#### [DATA TO USE]
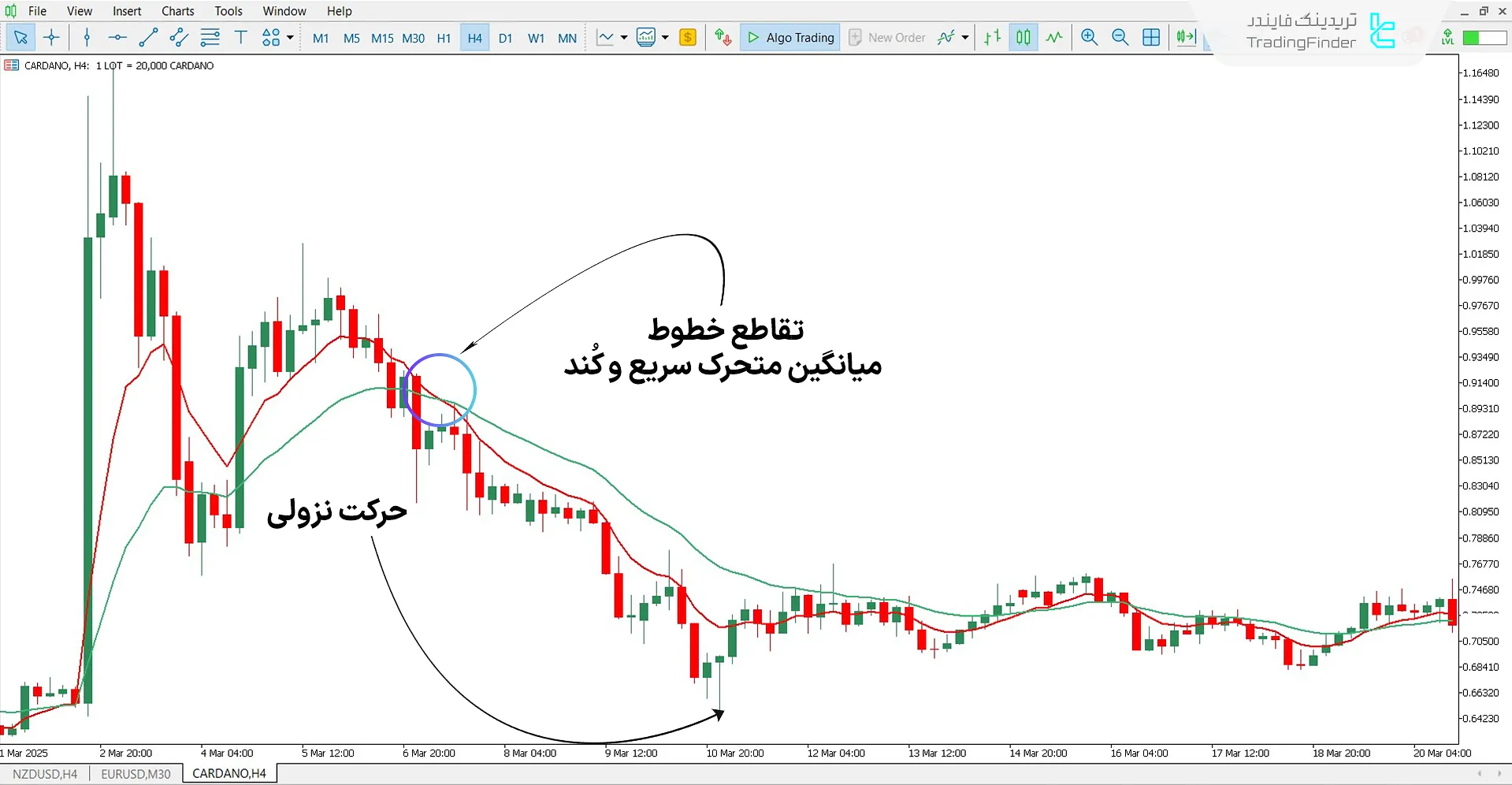 دانلود اندیکاتور میانگین متحرک مولتی تایم فریم H4 برای متاتریدر 5 - رایگان 2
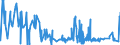 KN 21033010 /Exporte /Einheit = Preise (Euro/Tonne) /Partnerland: Malta /Meldeland: Eur27_2020 /21033010:Senfmehl (Ausg. Zubereitet)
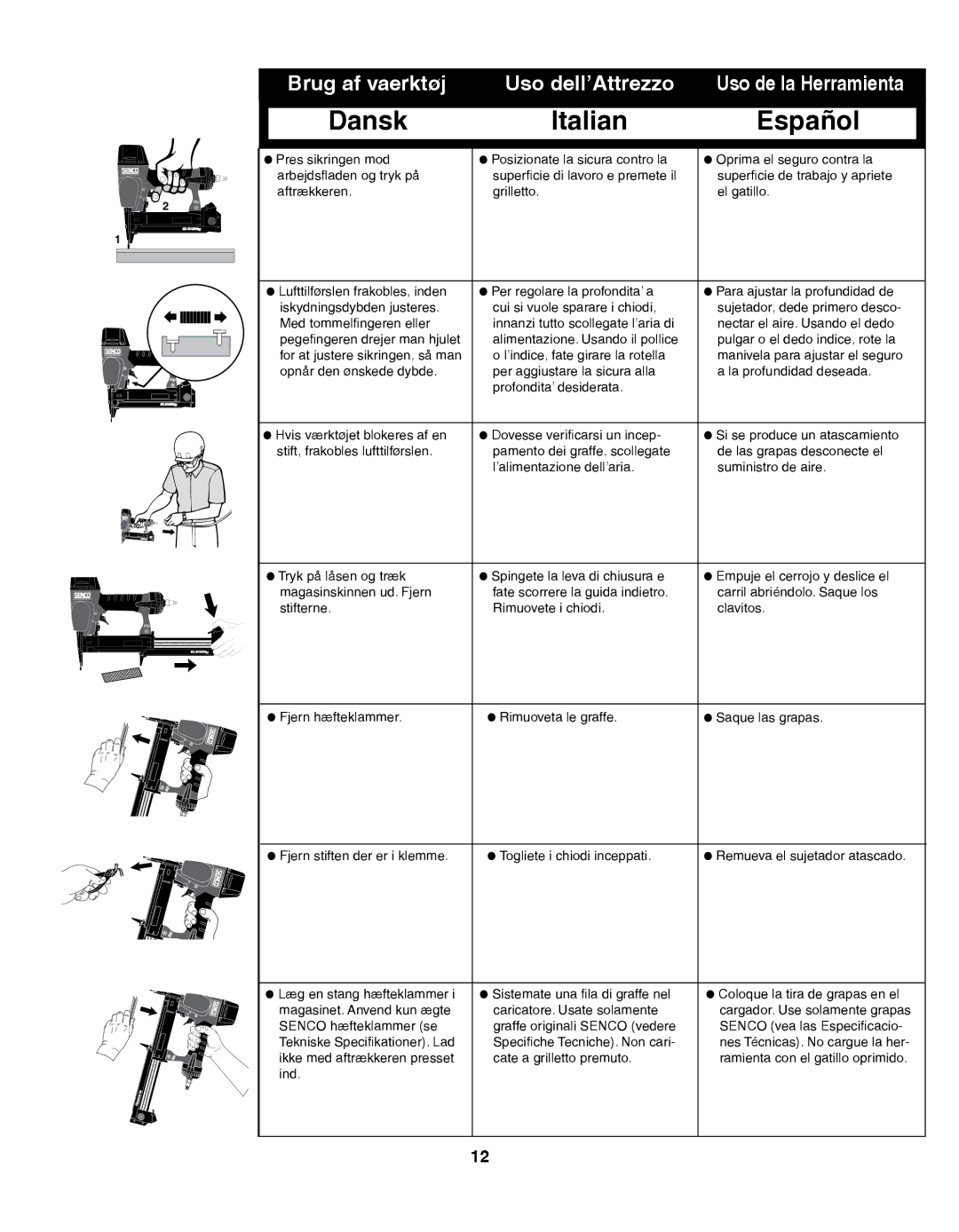 Senco SLS15MG, SLS18MG manual Brug aff vaerktojtøj 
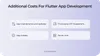 Flutter app development cost: additional expenses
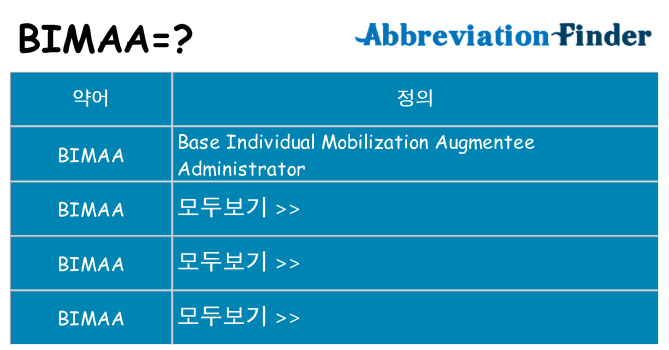 bimaa 대 한 무엇을 서가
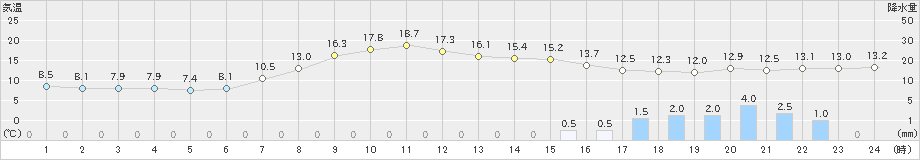 黒川(>2022年04月21日)のアメダスグラフ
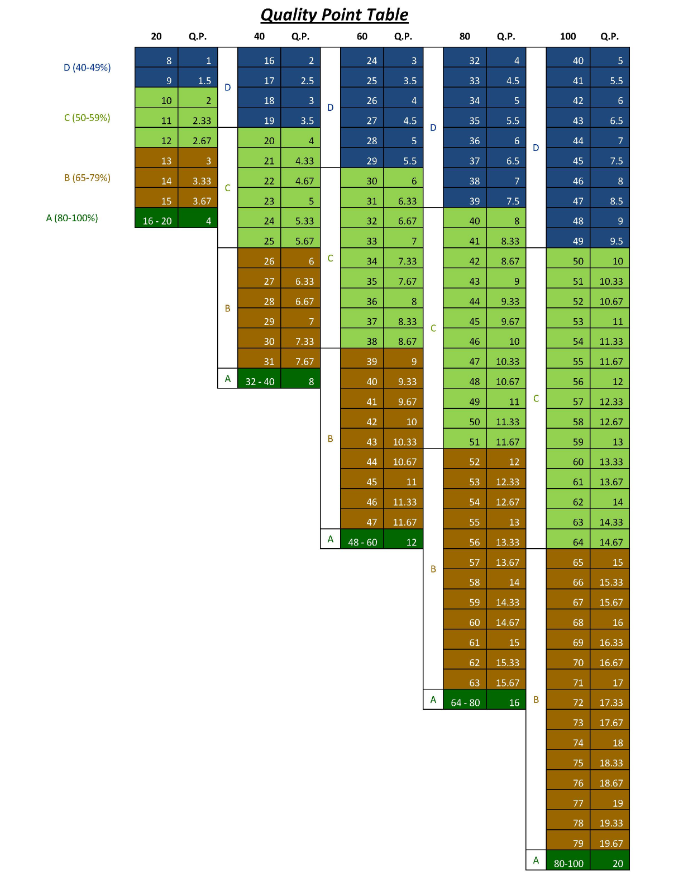 University of Agriculture GPA Calculator : UAF Quality Point Grading System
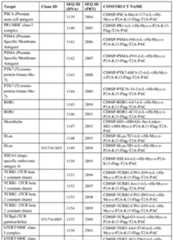 Figure imgf000216_0001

#### [YOUR TASK]
Give back exactly the lines from the line with "bimaa 대 한 무엇을 서가" through the end of the material above, and omit every picture.

#### [TASK ANSWER]
 bimaa 대 한 무엇을 서가
 黒川(>2022年04月21日)のアメダスグラフ
 University of Agriculture GPA Calculator : UAF Quality Point Grading System
 Figure imgf000216_0001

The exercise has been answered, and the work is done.